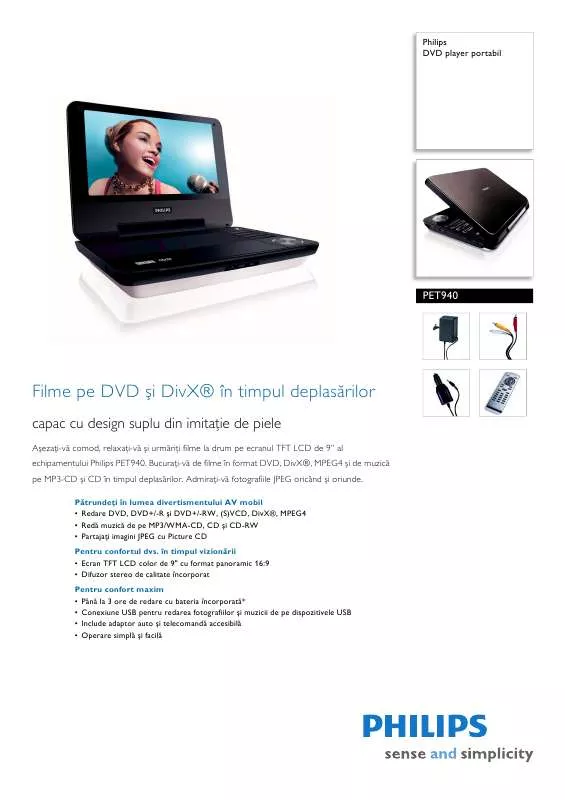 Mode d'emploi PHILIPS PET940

==

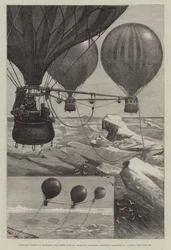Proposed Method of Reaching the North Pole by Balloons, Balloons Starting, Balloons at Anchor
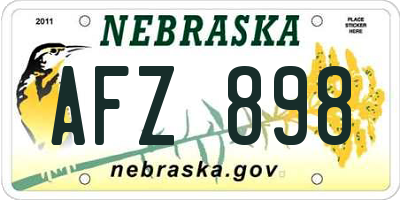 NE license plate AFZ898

TASK BRIEF
Without the pictures, give again exactly the lines above starting at the line containing "Proposed Method of" and ending at the line containing "NE license plate AFZ898".

EXERCISE OUTPUT
Proposed Method of Reaching the North Pole by Balloons, Balloons Starting, Balloons at Anchor
 NE license plate AFZ898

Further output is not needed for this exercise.